# So what now?



## vauxhall101 (Jul 23, 2017)

I'm splitting up with my wife, and this is going to cause me problems, other than emotional. I think I might be in a spot of bother, financially. 

We are living in a foreign country, in an apartment that is tied to my wife's job. I paid all the rent in advance, and my wife's salary would pay for food. Because we're breaking up, it's me who has to leave - it is wife's job, and also, obviously I'd just feel bad if she wasn't taken care of. 

I'm self-employed, and I work remotely. While I am/was living in an apartment with the rent paid, this was fine. I have some semi-regular work, and was going to try a few of my own things to make money. 

However, if we're splitting up, this puts me in trouble. I have about $2k in the bank. I have a job coming up, I think, which will pay about $1k, but I need an internet connection and a quiet place etc, and obviously moving is very disruptive. 

I have another 'verbal agreement' type of deal that supplies me with work fairly regularly for an application I programmed, that might very soon lead to some less sporadic income, a type of retainer for my services. But these things take time. I have agreed to work with them long-term (and I love doing it), but it is not a fulltime job - and it is probably just enough work that it wouldn't be possible while holding a fulltime job. 

My wife was screaming at me yesterday that her taxes are my fault (seriously, she says if she hadn't married me her taxes would be lower) - even though I paid her taxes for her, plus an extra $1.5k that I just gave her on top of that. Then there was a holiday, new TV and so on. 

But I don't know what to do. $2k isn't going to get me far, especially as I have no reason to stay in this country and want to leave. I have a perpetual fear of being homeless (I think because my parent's divorced when I was very young, and my mother was alcoholic, constantly threatening to just walk off into the night and not come back etc). I'm worried about what I'm going to do. 

As for family, my mother is dead, my father is remarried and I really can't stay with him, my sister is practically a saint, and she says I can stay with her for awhile, but she has a husband and a small boy, and I really would only feel comfortable staying with them for about a week. What few friends I have are dotted around the globe, and most of them have young families etc. I'd like to be on my own for awhile anyway. 

Does anyone have any advice? This is an added worry for me, in fact I'm somewhat terrified, on top of breaking up with my wife. Thanks.


----------



## arbitrator (Feb 13, 2012)

*I'd at least sit down and disclose all of this to your good friends, hoping that they perhaps can at least help you come up with some kind of a short-term solution!*


----------



## EleGirl (Dec 3, 2011)

vauxhall101 said:


> I paid all the rent in advance, and my wife's salary would pay for food.


How far in advance did you pay the rent? It you mean that the rent is already paid for the next few months, have the divorce settlement set up so that she has to give you the money. If you are not living there, you should not be invested in her future rent.

what are the laws where you life. Does she earn a lot more than you? If so can you get some kind of rehabilitative support or some extra in the settlement to help you either go back to your country or move to an apartment, etc?

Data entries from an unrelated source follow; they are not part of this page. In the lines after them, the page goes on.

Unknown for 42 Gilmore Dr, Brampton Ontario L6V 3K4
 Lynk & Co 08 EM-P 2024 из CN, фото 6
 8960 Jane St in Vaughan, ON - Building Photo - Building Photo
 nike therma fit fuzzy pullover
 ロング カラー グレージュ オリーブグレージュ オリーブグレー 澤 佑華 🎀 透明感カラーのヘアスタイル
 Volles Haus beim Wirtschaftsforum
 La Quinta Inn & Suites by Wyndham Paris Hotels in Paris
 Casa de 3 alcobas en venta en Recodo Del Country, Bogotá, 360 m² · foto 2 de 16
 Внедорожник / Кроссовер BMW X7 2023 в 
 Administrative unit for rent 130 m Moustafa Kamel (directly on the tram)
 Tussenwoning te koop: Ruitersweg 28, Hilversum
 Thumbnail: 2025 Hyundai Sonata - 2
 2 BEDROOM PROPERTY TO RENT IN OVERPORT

Could you get a part time job to help you support yourself until you increase your self employment income?


----------



## getting it together (Jun 28, 2017)

"My wife was screaming at me yesterday that her taxes are my fault (seriously, she says if she hadn't married me her taxes would be lower) - even though I paid her taxes for her, plus an extra $1.5k that I just gave her on top of that. Then there was a holiday, new TV and so on."

>>>Judging by the above, your wife is in limerence, probably phase 2. You paid and should be able to stay. Tell her you need to save up enough money before you depart. Be sure you have a time frame in mind.


----------



## michzz (Jun 6, 2008)

Can you get any credit from a bank to tide you over as you transition to another place to live?


----------